When a toilet is flushed, a plate at the bottom of the tank rises causing water to be siphoned upwards over the u-bend down toward the flush pipe and into the toilet bowl. As a result of the water level dropping in the tank, the float and float arm drop pulling the float valve open. The water then refills. The flush motion of a tank is probably the most overworked plumbing component used. Occasional servicing is highly recommended to keep it working properly and flushing well.
Open the main water supply tap fully to make sure that the water is flowing at maximum capacity.
Lift the tank lid and check that the water level is filled up to the pre-marked level inside the tank. Ideally, this should be about 1 inch below the overflow pipe outlet.
Low water levels in the tank mean that there is less energy to flush. If the water level is too low, it can be adjusted by moving the sliding device that is connected to the float arm. If there is no sliding device, then it is possible to adjust the screw that is situated between the float valve and the float arm. Turn it clockwise to lower the water level and counterclockwise to raise it.

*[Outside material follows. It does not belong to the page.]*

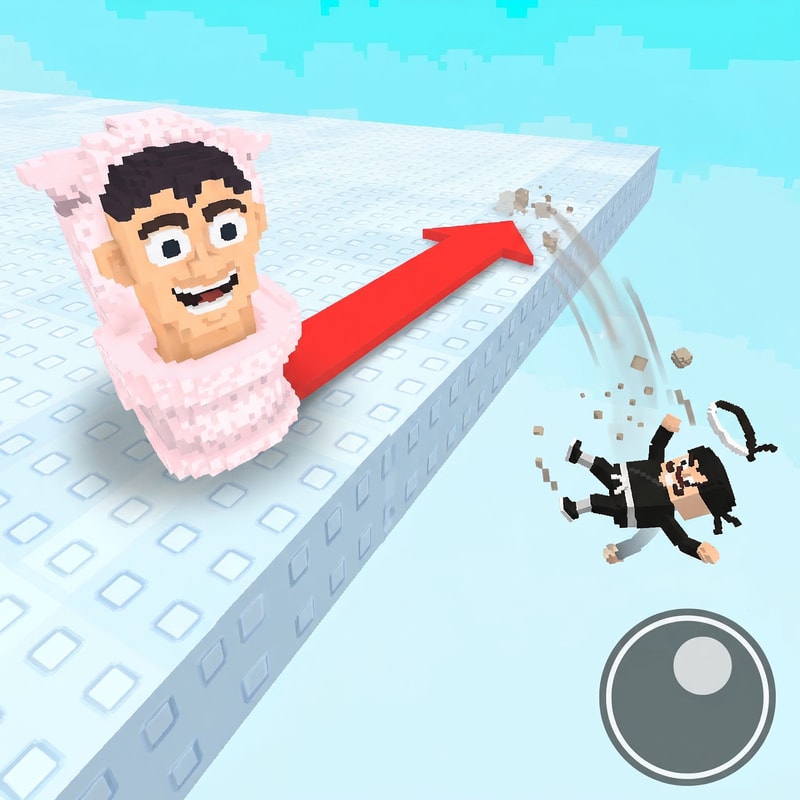 make the ninja guy look like hes falling off the platform instead of just floating off the platform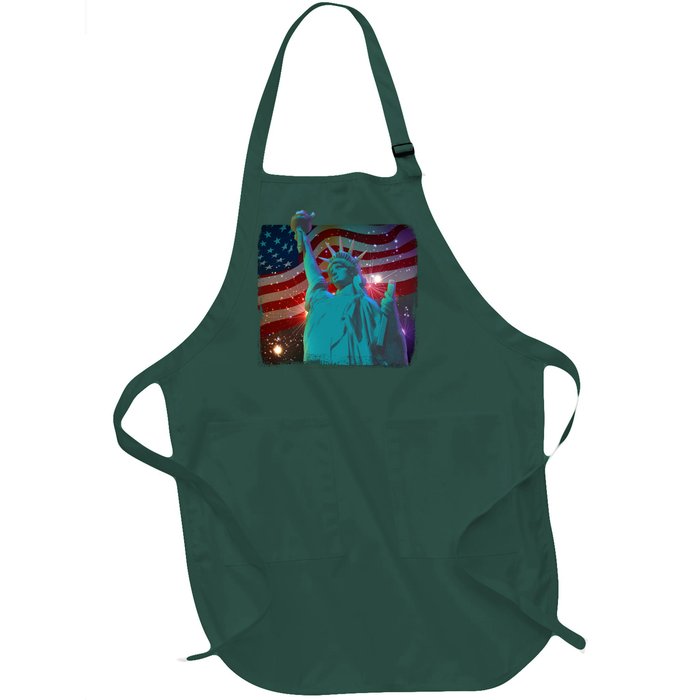 Fourth Of July Fireworks Statue Of Liberty Full-Length Apron With Pockets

If the water levels are not the cause of the problem, lift the tank lid to locate the arm (rod) of the float valve, and tie it up with string. Then flush. The tank will now be empty leaving the float visible. If the float contains water, it will need to be replaced by unscrewing it and screwing on a new one.
If there is still no improvement in the flush power of the toilet, check for blockages in the flapper valve, which is located in the bottom of the tank. These can usually be removed by hand.
Also, using a mirror, check the small holes underneath the toilet bowl rim. If the holes are blocked with lime scale, a wooden toothpick can be used to carefully remove it.
Untie the float arm, replace the tank lid and then flush.